DATASET ENTRIES:
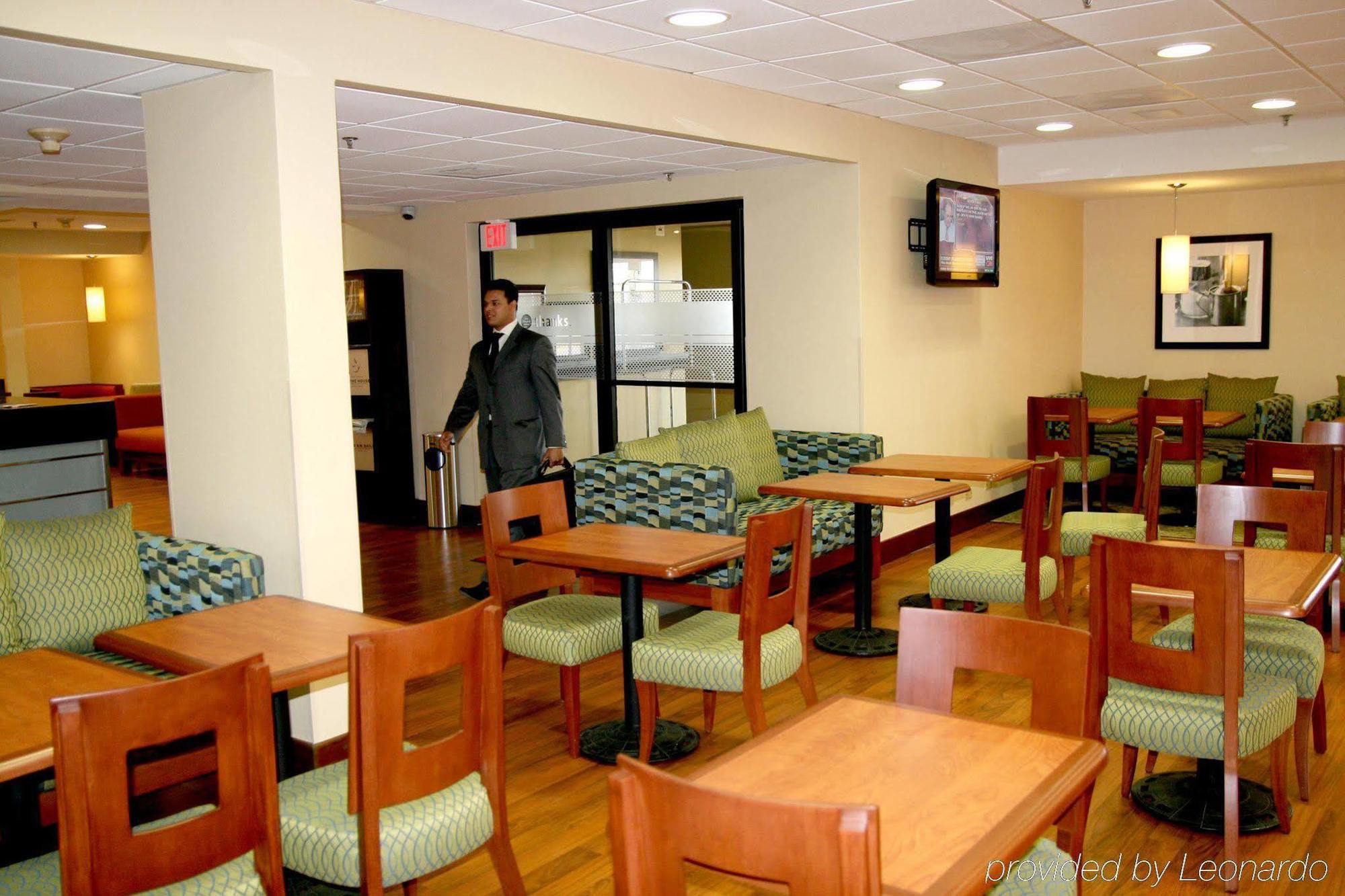 Hampton Inn Monterrey-Airport Restoran foto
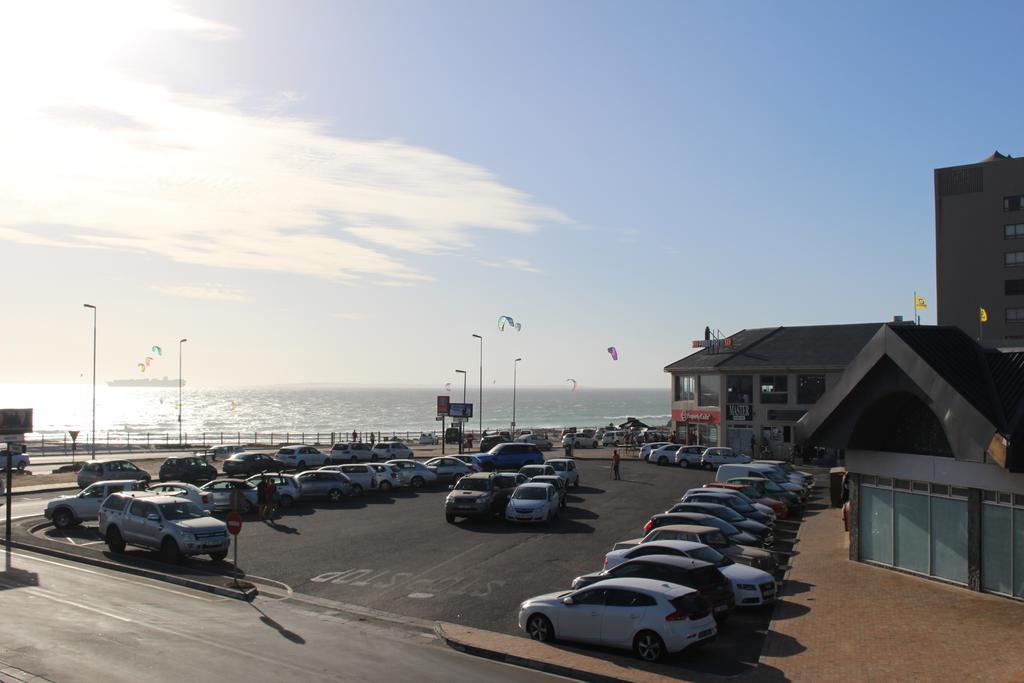 בלוברגסטראנד Blouberg Beachfront Apartment חדר תמונה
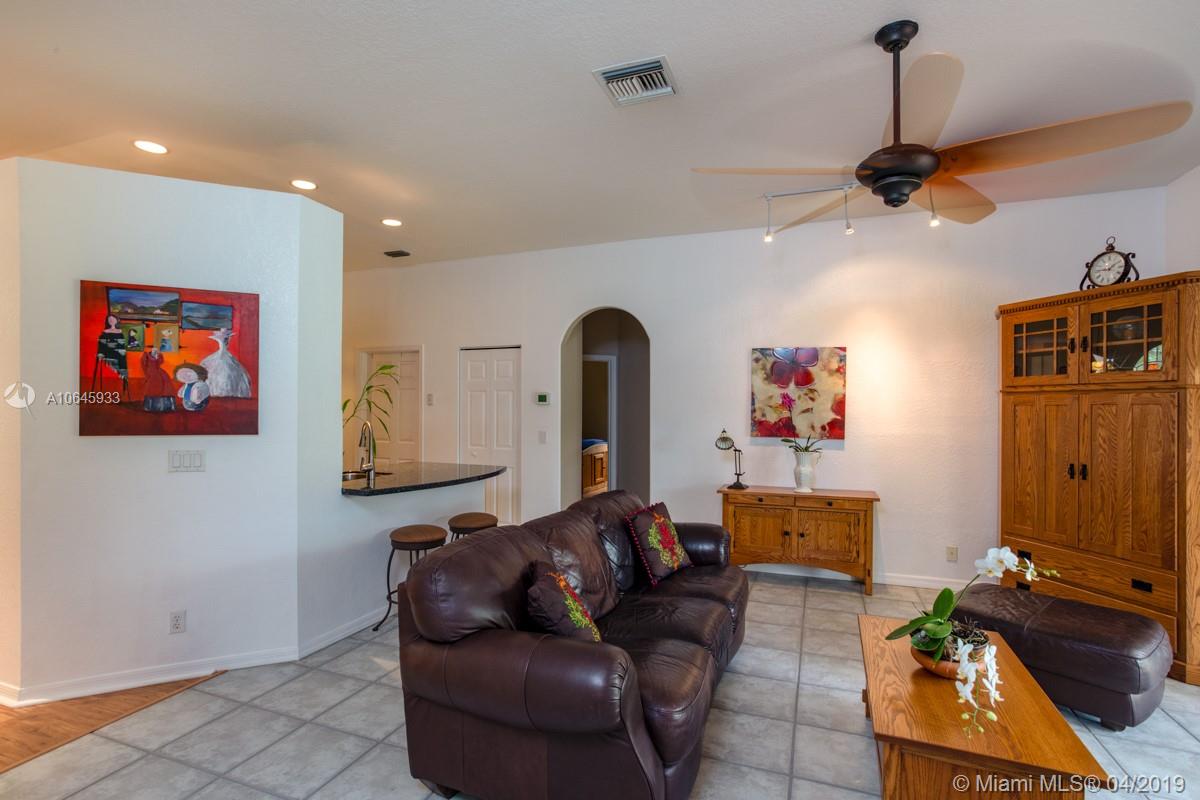 DIAMOND CAY - Residential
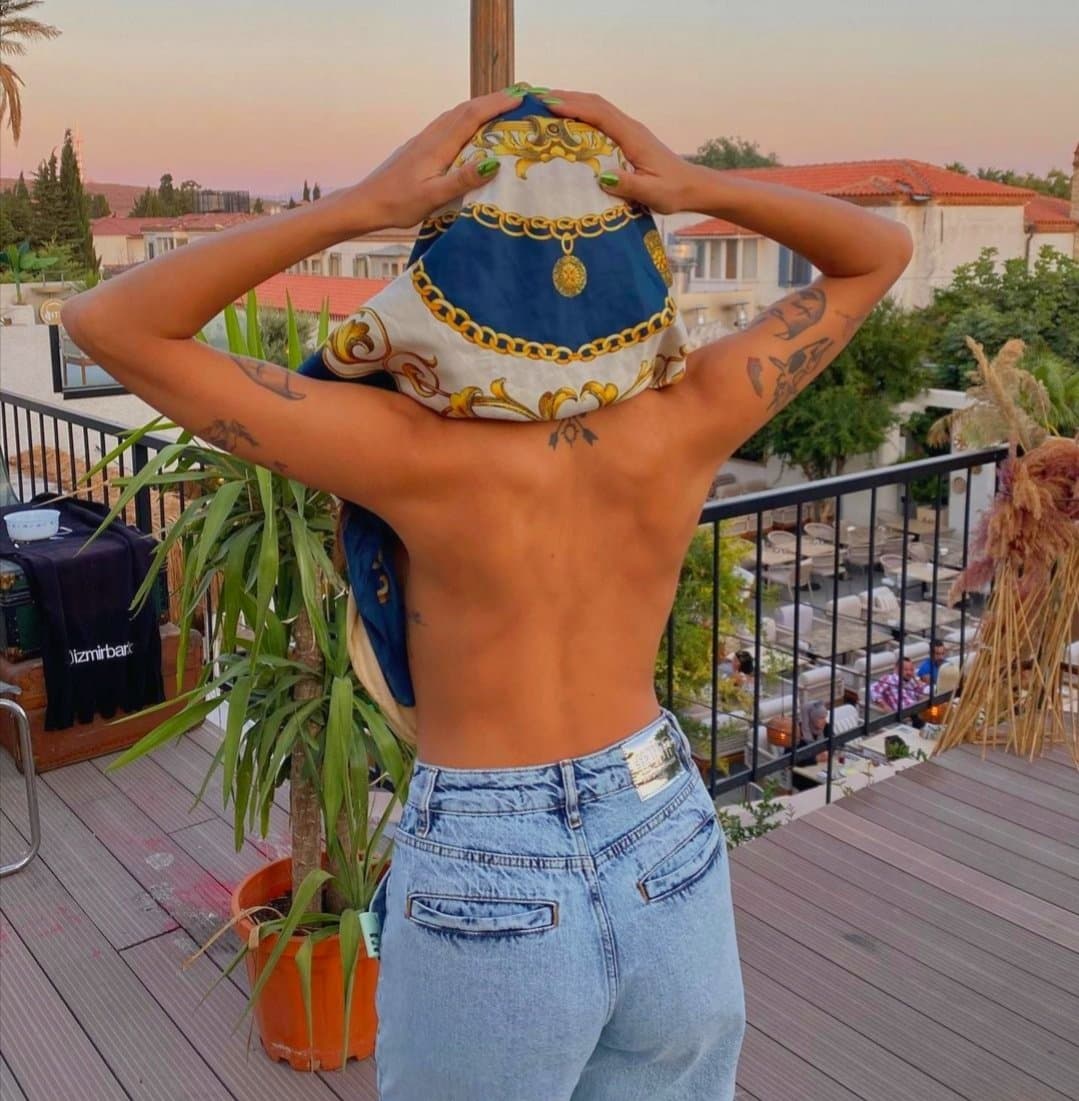 Click to view full size Bulgarian Celebrity Dara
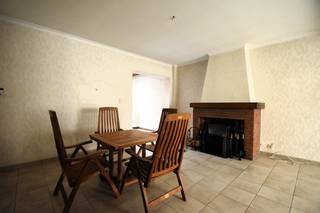 Deze  rijwoning in Zwijndrecht is uitstekend gelegen in een rustige straat, op wandelafstand van winkels, scholen en tram 3, die je in slechts...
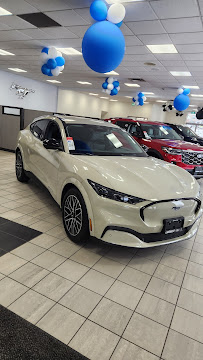 Lovely Auto Sales - Used car sales in Hamilton, Ontario, Canada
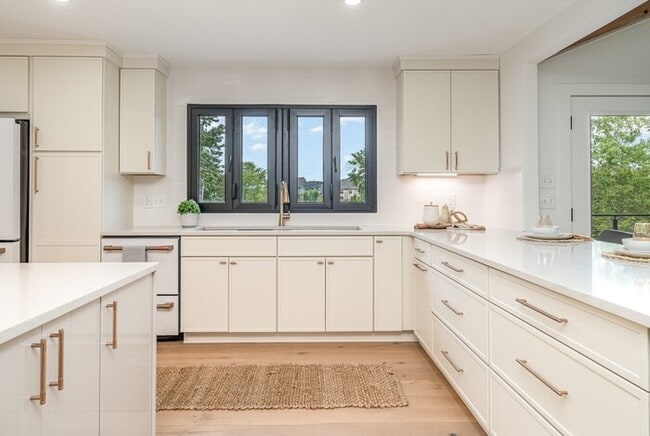 Building Photo - 95 Short Dr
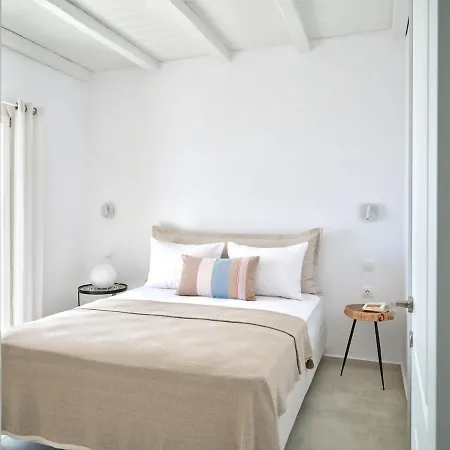 Parian Pearl Unique Seaview Villa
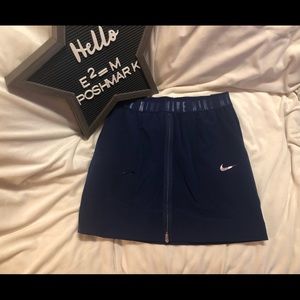 Nike Sportswear Tech Pack Big Kids (Girls) Skirt L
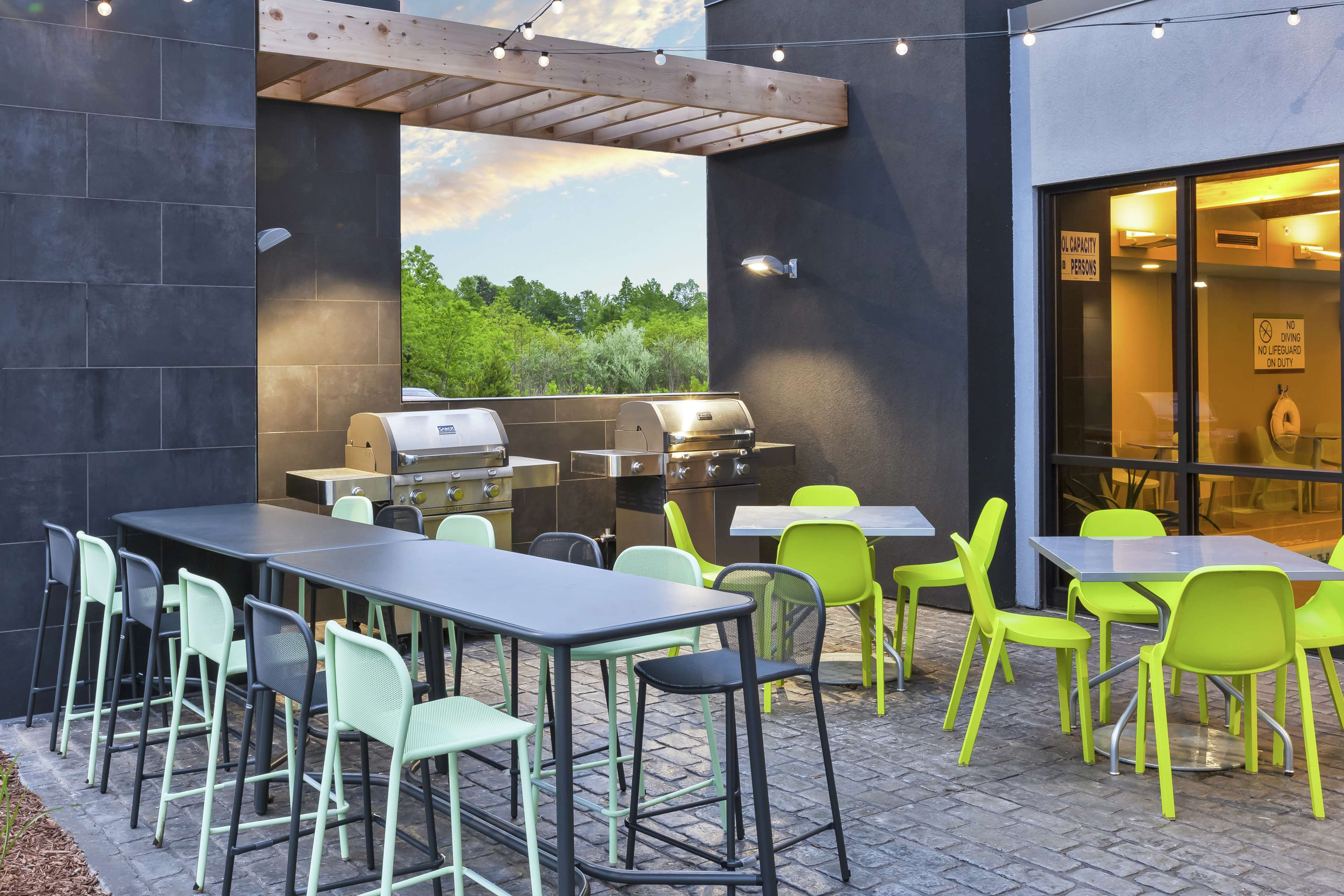 Home2 Suites by Hilton Holland - photo 12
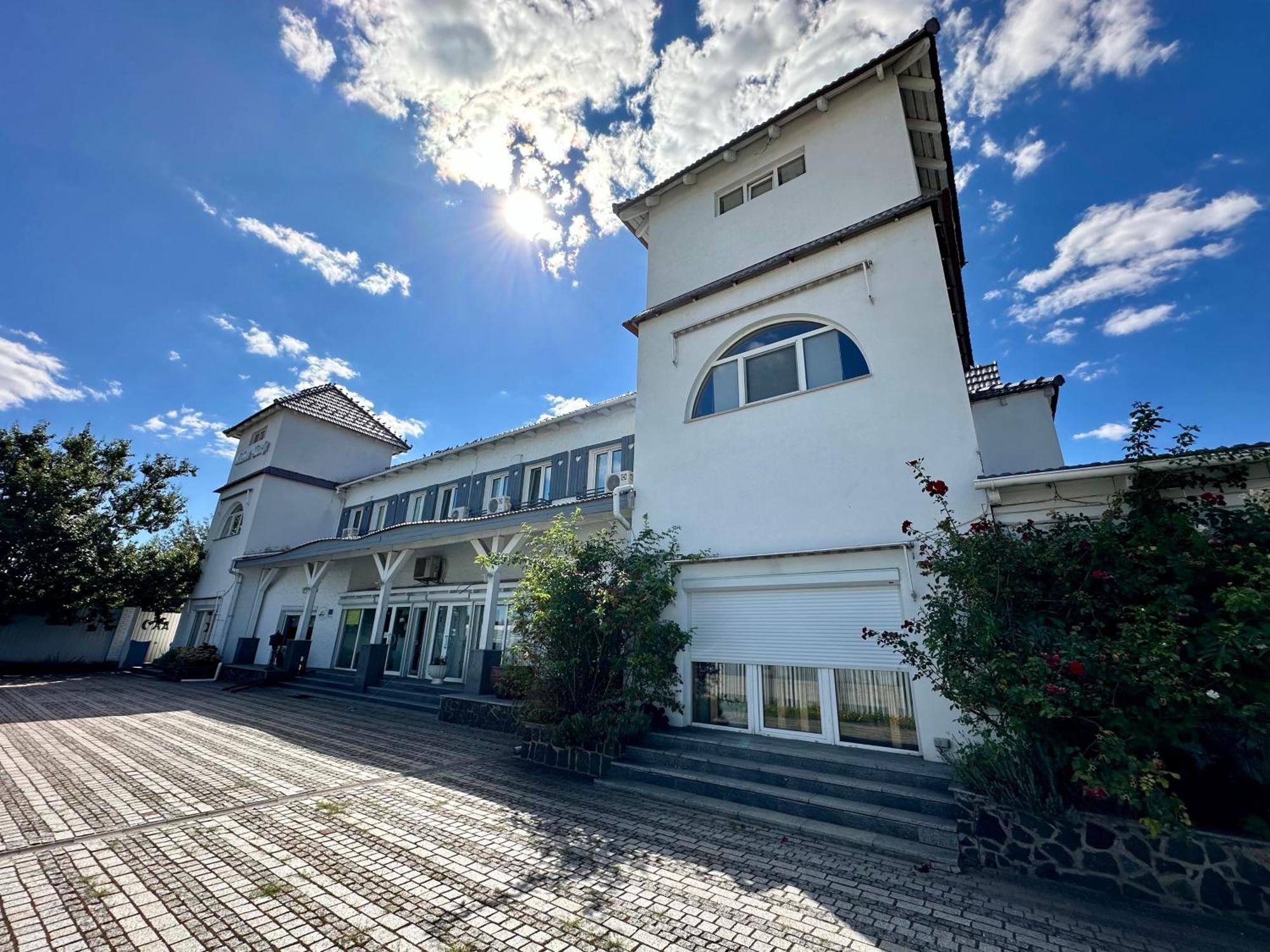 Maison Blanche Ecohousе Mytnitsa Bagian luar foto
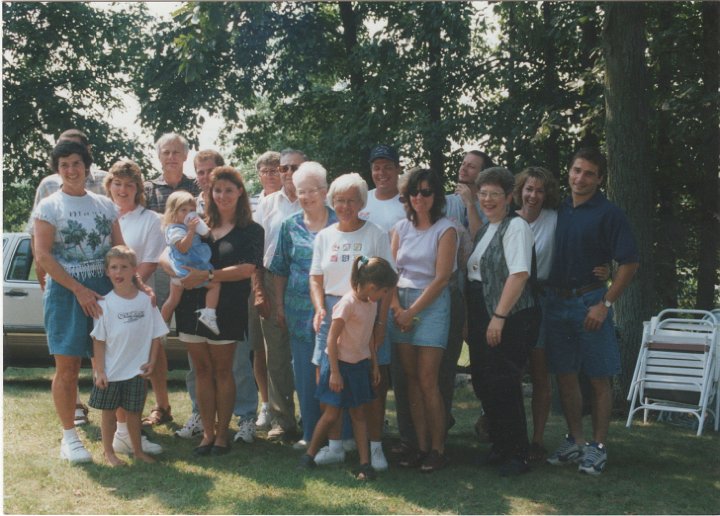 2038.jpg - Floyd & Clara Reschly & Family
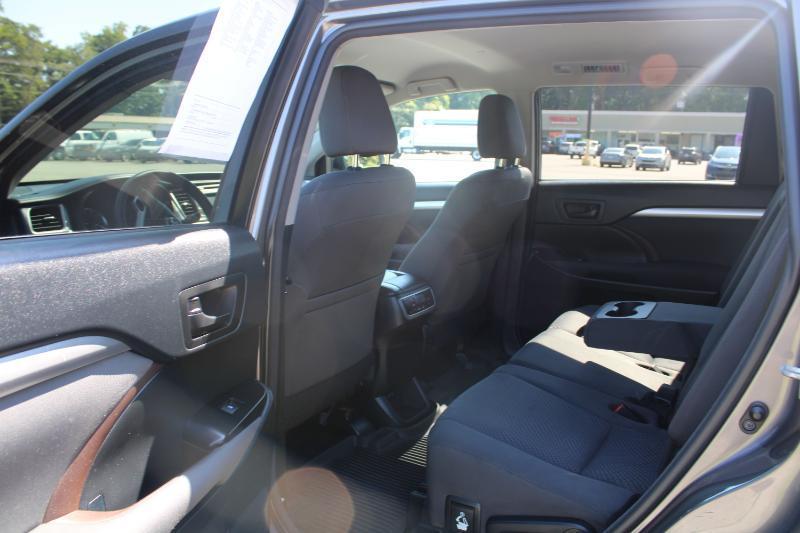 Toyota Highlander LE Plus AWD V6 2017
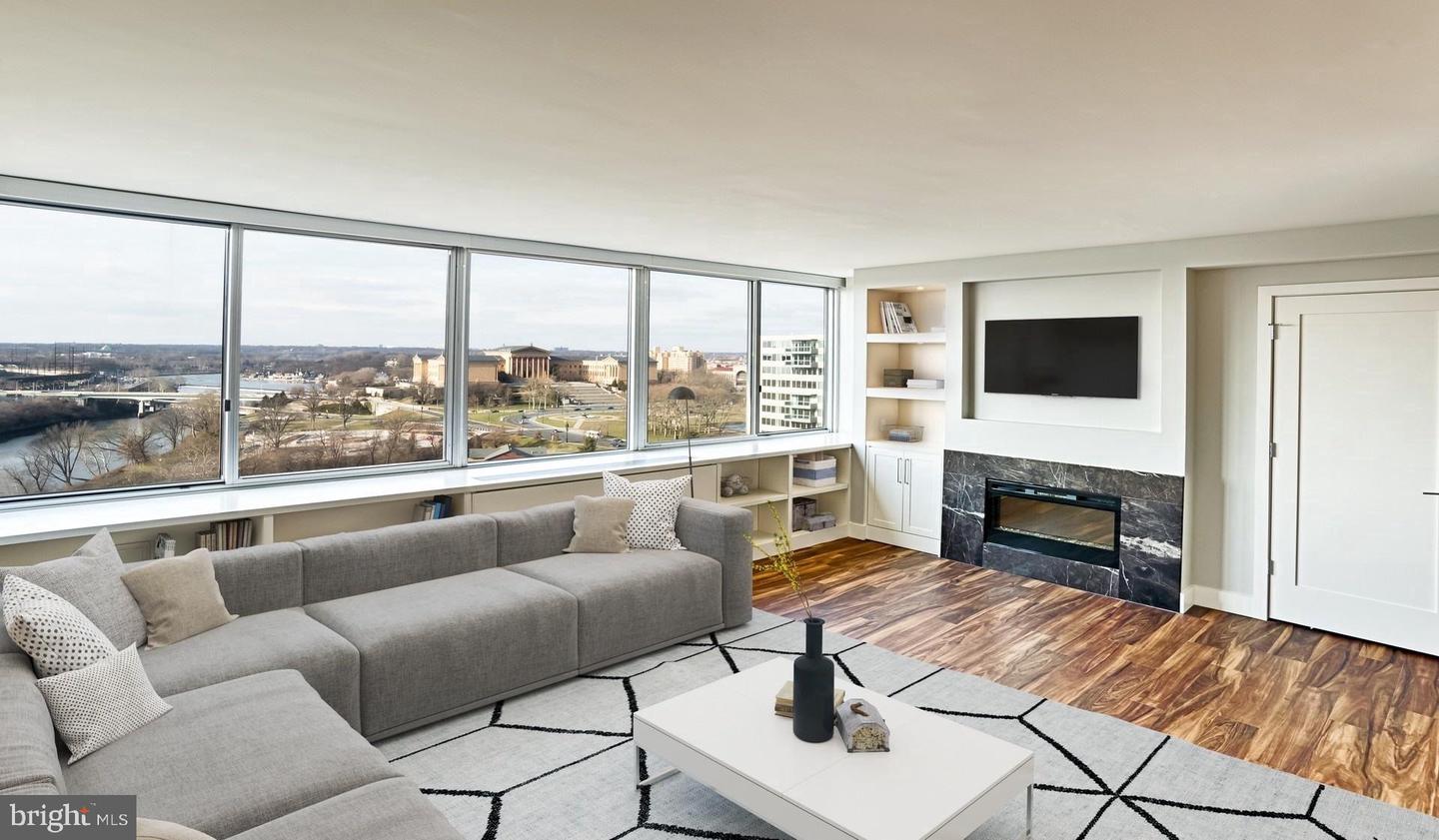2200 BENJAMIN FRANKLIN PARKWAY Unit: 2B-W1715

WHAT IS NEEDED: Beginning with the line that holds "Nike Sportswear Tech", extract every line to the end of the material, exactly as it stands, and drop the pictures.

OUTPUT OF THE EXERCISE:
 Nike Sportswear Tech Pack Big Kids (Girls) Skirt L
 Home2 Suites by Hilton Holland - photo 12
 Maison Blanche Ecohousе Mytnitsa Bagian luar foto
 2038.jpg - Floyd & Clara Reschly & Family
 Toyota Highlander LE Plus AWD V6 2017
2200 BENJAMIN FRANKLIN PARKWAY Unit: 2B-W1715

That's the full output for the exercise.